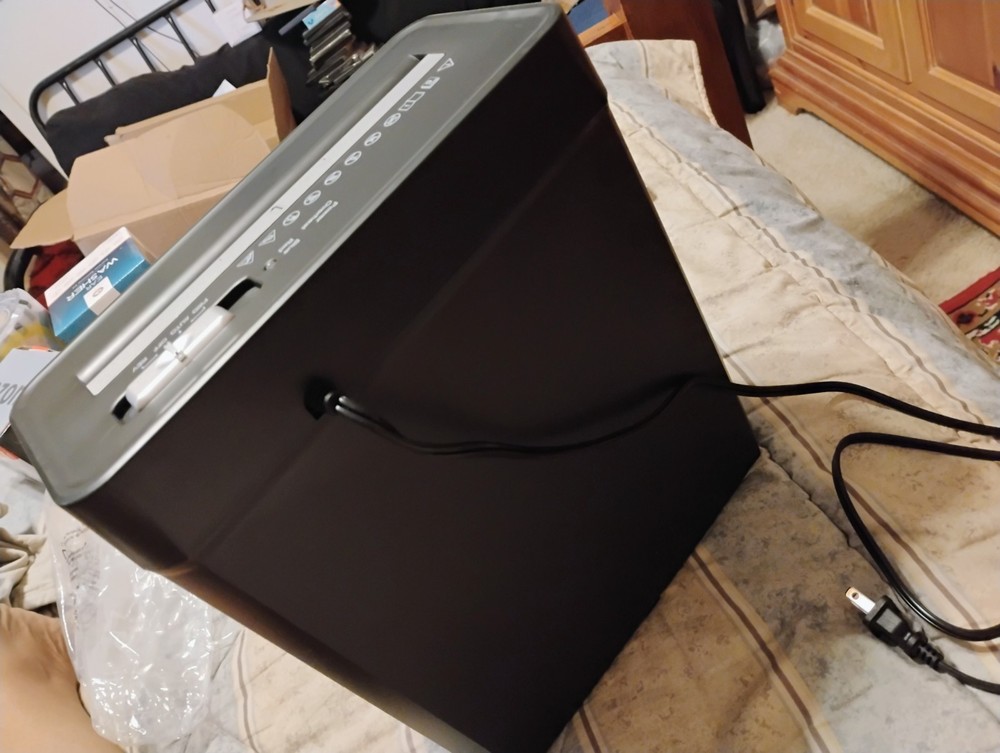Paper Shredder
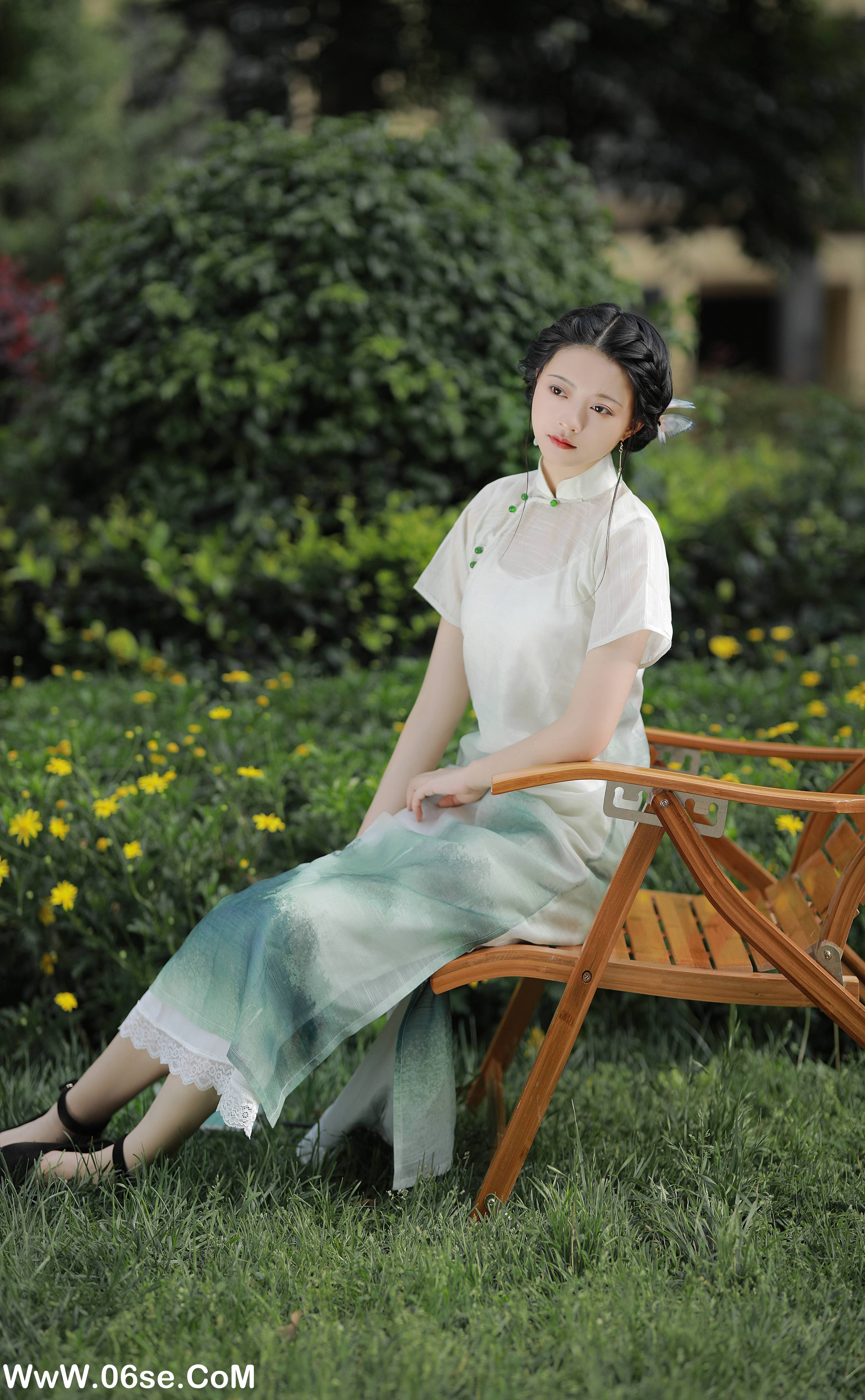 图片[12]-[YITUYU艺图语]2022.09.07 凉风有信 YunFleur[32+1P／614MB]-六色网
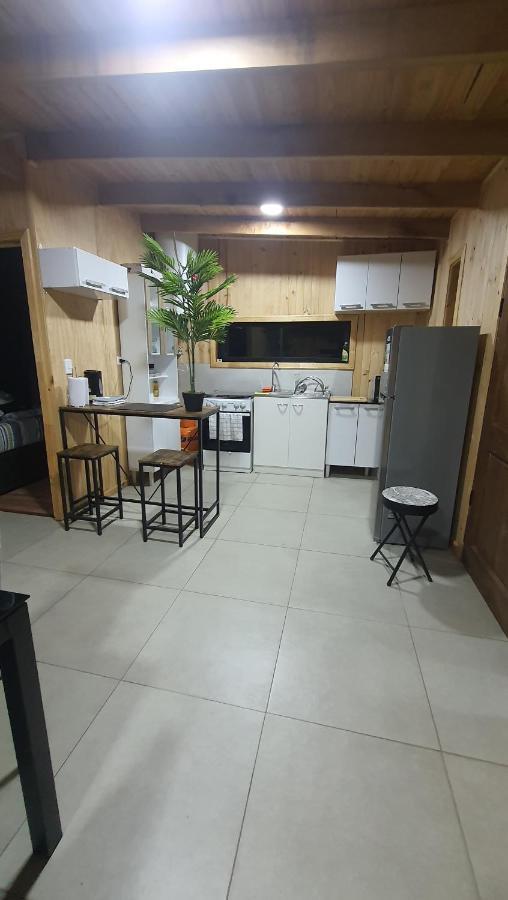 Cabanas Nicole Villa Melipeuco Esterno foto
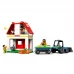 60346 LEGO 230 Parça City Ahır ve Çiftlik Hayvanları Yapım Seti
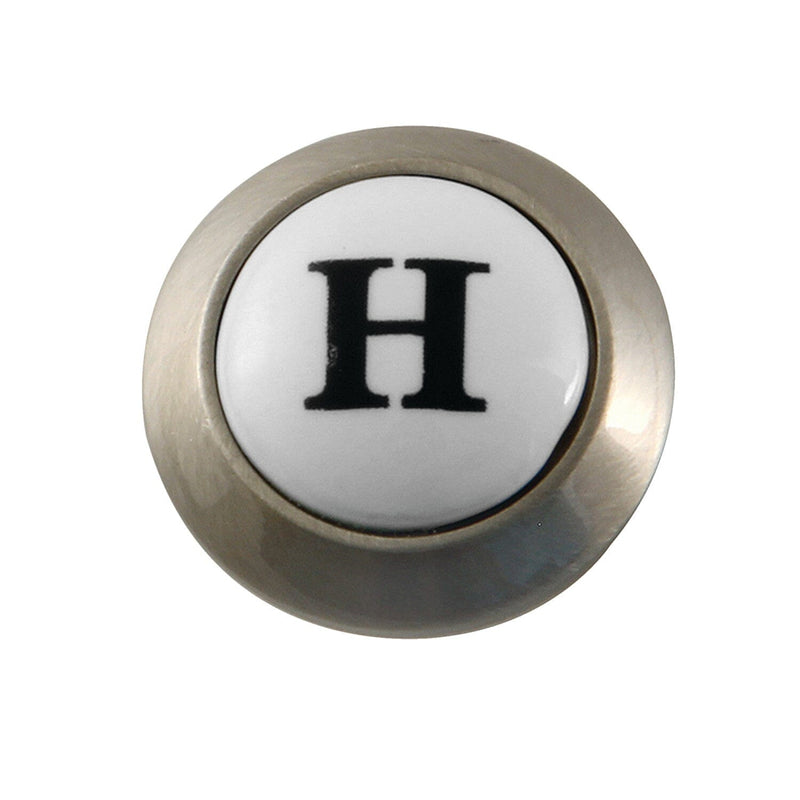 Hot Handle Index Button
----------
-- Task goal --
Would you mind repeating the records above exactly, without the pictures?

-- Reply to the task --
Paper Shredder
 图片[12]-[YITUYU艺图语]2022.09.07 凉风有信 YunFleur[32+1P／614MB]-六色网
 Cabanas Nicole Villa Melipeuco Esterno foto
 60346 LEGO 230 Parça City Ahır ve Çiftlik Hayvanları Yapım Seti
 Hot Handle Index Button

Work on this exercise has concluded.